Accordingly, the present study was performed to explore the effects of AOS supplementation on the intestinal architecture, barrier function and epithelium apoptosis in weaned pigs, aiming to provide partial theoretical evidence for the mechanisms by which AOS enhances growth performance of weaned pigs. It is anticipated that our findings will pave the way for developing AOS as a functional food for both humans and animals in the near future.


Animal care and experimental design

Initially, 24 pigs (Duroc × Landrace × Yorkshire), weaned at 21 d and with an average body weight (BW) of (6.21 ± 0.0 9) kg, were assigned to two treatments with 12 replicates per treatment. The treatment groups including a control group (CON), in which pigs were fed a basal diet, and an AOS group, in which pigs were fed a basal diet supplemented with 100 mg/kg AOS (provided by the Dalian Institute of Chemical Physics, Chinese Academy of Sciences, Dalian, China). The basal diet was formulated to meet or exceed the nutrient requirements recommended by the National Research Council (Table 1) [21]. During the 14-day experimental period, all pigs were individually housed in metabolism cages (0.7 m × 1.5 m) in a temperature- (24−26 °C), humidity- (65% ± 5%) and light-controlled room and were given ad libitum access to feed and water.

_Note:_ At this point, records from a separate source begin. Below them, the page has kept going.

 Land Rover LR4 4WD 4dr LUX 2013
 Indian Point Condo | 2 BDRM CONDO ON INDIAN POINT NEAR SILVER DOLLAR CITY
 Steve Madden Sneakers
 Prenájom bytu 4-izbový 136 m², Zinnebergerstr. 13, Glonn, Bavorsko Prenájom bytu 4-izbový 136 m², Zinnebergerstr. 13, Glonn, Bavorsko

Table 1 Ingredients and nutrient composition of the basal diet

Growth performance assessment

At the start and end of the experiment, the pigs were individually weighed before feeding, and daily feed consumption per pig was measured throughout the study. Growth performance indices, including average daily body weight gain (ADG), average daily feed intake (ADFI) and the gain-to-feed ratio (G:F), were subsequently determined for each group from the data obtained.

Sample collection

On the morning of d 15, after overnight starvation, eight pigs from each treatment were randomly selected and orally infused with D-xylose at the dose of 0.1 g/kg BW [22, 23]. After infusion of D-xylose (1 h), blood samples were collected by jugular vein puncture and placed in 10-mL vacuum tubes (non-anticoagulant). The samples were centrifuged at 3,500×g, 4 °C for 15 min, to acquire serum, and stored at −20 °C, until measurement of D-xylose concentration.

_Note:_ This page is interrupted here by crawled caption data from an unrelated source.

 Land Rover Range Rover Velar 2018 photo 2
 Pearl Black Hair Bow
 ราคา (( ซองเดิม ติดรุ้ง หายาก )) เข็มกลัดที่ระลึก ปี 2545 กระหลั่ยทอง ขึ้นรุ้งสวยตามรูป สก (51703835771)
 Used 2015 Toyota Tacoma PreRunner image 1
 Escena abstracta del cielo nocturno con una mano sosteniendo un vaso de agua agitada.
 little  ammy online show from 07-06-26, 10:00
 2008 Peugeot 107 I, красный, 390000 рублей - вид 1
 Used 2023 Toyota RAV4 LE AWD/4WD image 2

After blood sampling, the same pigs were anaesthetised with an intravenous injection of sodium pentobarbital (200 mg/kg BW), and the tissues of the duodenum, jejunum and ileum were immediately isolated [24]. Approximately 5-cm duodenal, jejunal and ileal middle segments were gently flushed with ice-cold phosphate buffered saline (PBS), followed by fixation in PBS for flow cytometry or in 4% paraformaldehyde solution for morphological and immunohistochemical analyses. Finally, the residual duodenal, jejunal and ileal segments were scraped with a scalpel blade, and the collected mucosa stored at −80 °C for quantitative real-time polymerase chain reaction (qPCR) analysis.

Serum D-xylose determination

Serum D-xylose was quantitated using a D-xylose assay kit (Nanjing Jiancheng Bioengineering Institute, Nanjing, China), by following the manufacturer’s protocols. The absorbance of the reaction mixture was acquired spectrophotometrically at 554 nm, using a multi-mode microplate reader (SpectraMax M2, Molecular Devices, Sunnyvale, CA, USA). D-Xylose concentration was presented as milligrams per litre of serum (mg/L).

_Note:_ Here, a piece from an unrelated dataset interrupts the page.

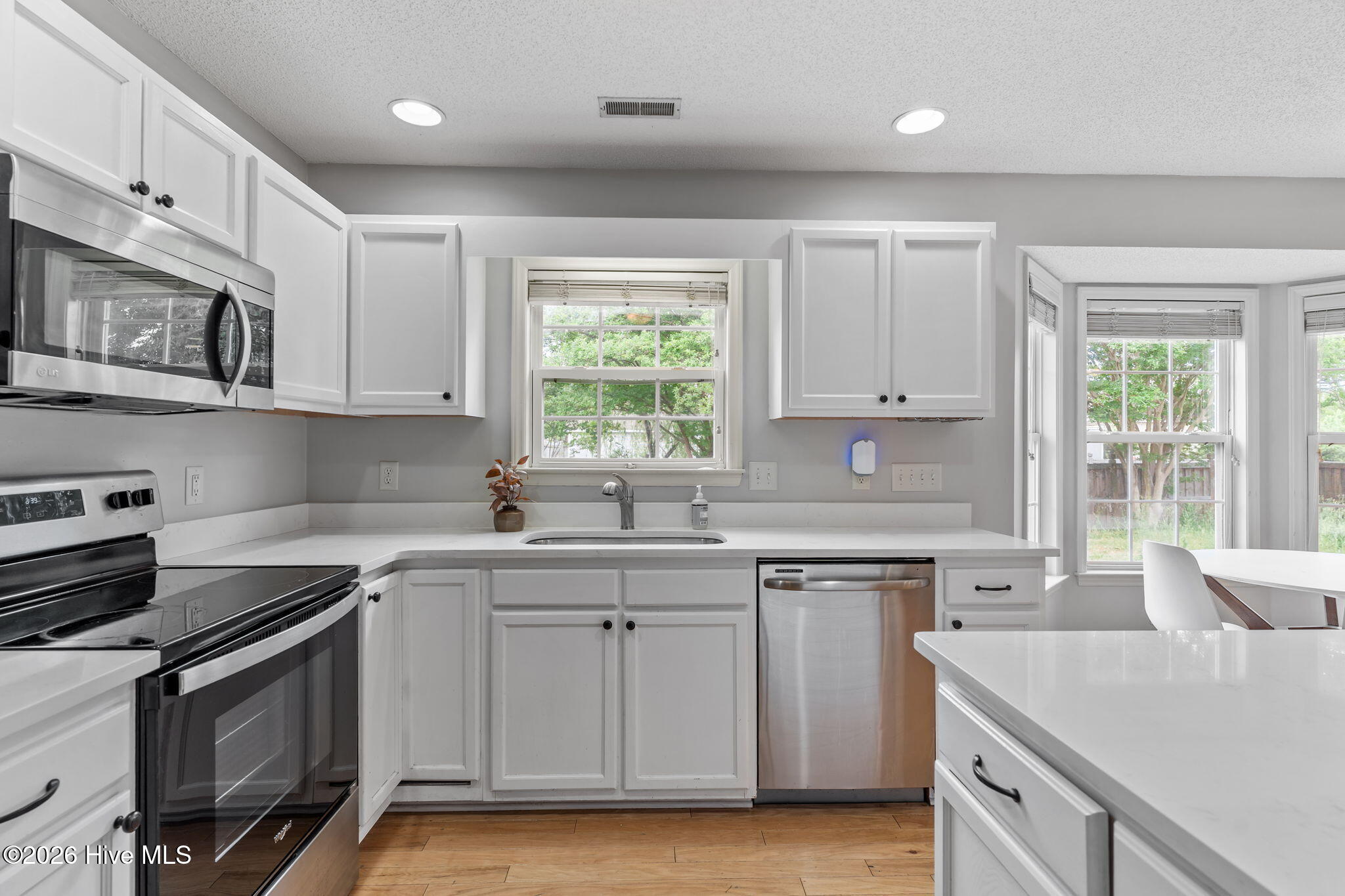 100569339 | Photo 15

Histomorphological analysis and cell counting

One-cm long duodenal, jejunal and ileal samples were dehydrated through a graded series of ethanol and embedded in paraffin. Cross-sections of each sample were prepared, stained with haematoxylin and eosin (H&E), and then sealed with neutral resin. Ultrathin sections of the duodenal, jejunal and ileal samples were examined for villus height, villus width and crypt depth, using an image processing and analysis system (Image-Pro Plus 6.0, Media Cybernetics, Inc., Bethesda, MD, USA). Afterwards, the goblet cell and columnar cell counts per villus were also assessed. Villus height was recorded as the distance from the tip of the villi to the villus-crypt junction, and width was measured at half of the villus height [25]. Crypt depth was expressed as the invaginated depth between adjacent villi. A total of 10 intact, well-oriented, crypt-villus units were analysed in triplicate per intestinal segment. The values obtained from 10 villi, in triplicate by each intestinal segment, were averaged. The villus height-to-crypt depth ratio was computed from the measurements obtained above, and the villus surface area (mm2) was calculated by multiplying 2π(villus width/2) by the villus height [26].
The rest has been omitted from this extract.